Conduje por horas, hasta que llegué a una vieja carretera. Ese trozo de urbanización me devolvió el alma al cuerpo, y seguí mi camino, según las indicaciones del mapa y los pocos avisos vehiculares. Fue hasta que llegué a la ciudad que me di cuenta de que algo no estaba bien. La carretera estaba vacía, ni una sola alma se podía ver u oír, los autos estaban detenidos, los edificios lucían vacíos y las calles abandonadas. Estaba solo.

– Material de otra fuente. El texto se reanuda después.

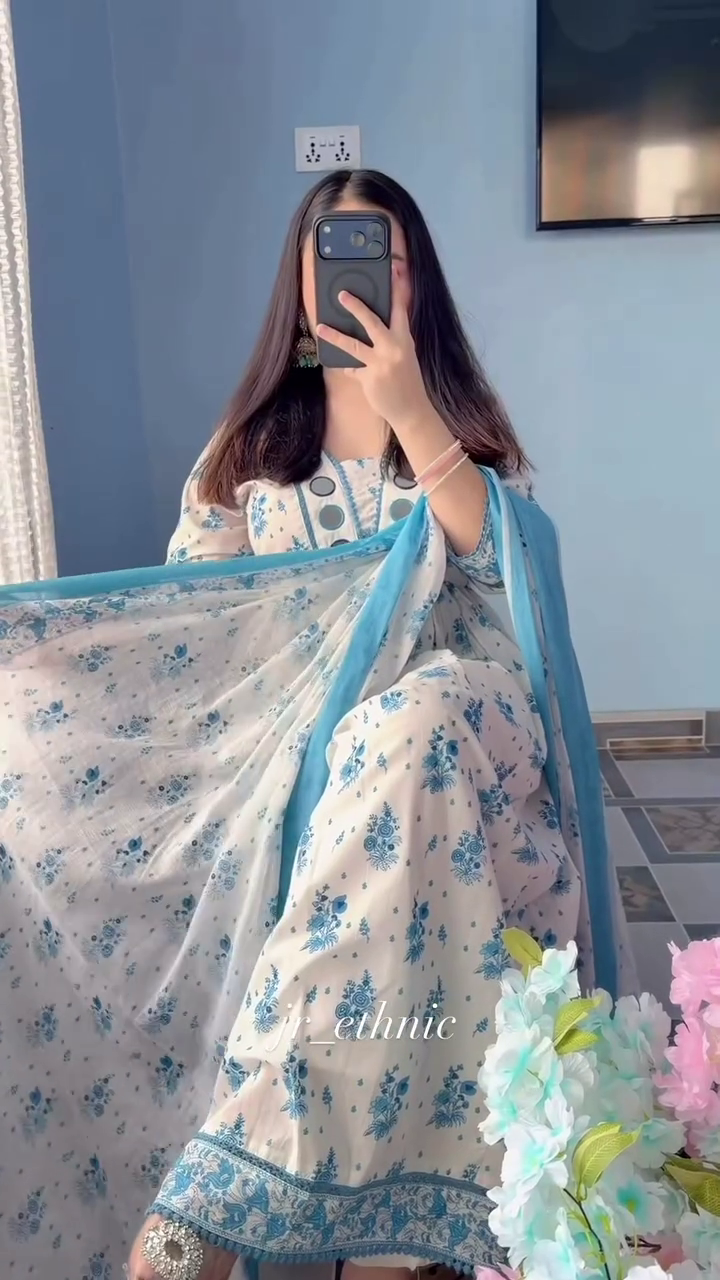Women Floral Printed Panelled Pure Cotton Kurta with Trousers & With Dupatta - Image 3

Seguí manejando, con dirección a mi casa, pero el escenario fue el mismo durante todo mi recorrido, y no cambió en nada al llegar a mi barrio. La noche me sorprendió detrás del volante y la oscuridad me abrió sus brazos, dejándome sin más luz que los faroles del vehículo, que parecían crear el camino a su paso. Hasta que llegué a mi hogar. La puerta estaba abierta, la llave del agua goteando, la comida quemada en la estufa, ya sin flama porque el gas se había agotado, quién sabe hace cuánto. Estaba solo, sin rastro de mi mujer, sin línea telefónica o Internet. Y sigo así, como un fantasma que deambula sin parar, sobre la calle mojada y el frío penetrando hasta mis huesos, como si el mundo quisiera dejarme bien claro que sigo vivo, en cuanto al resto…, no lo sé, tal vez aún espero que un día el teléfono satelital responda mi llamada y me haga saber que no soy el único.

Mientras tanto, no sé si por inercia o necedad, no hay día que no prenda al menos en un momento la cámara, para dejar testimonio de mi experiencia y soledad, quizás en espera de que algún día alguien la encuentre y las vea. ¿Quién sabe? Igual y el juego aún no ha terminado.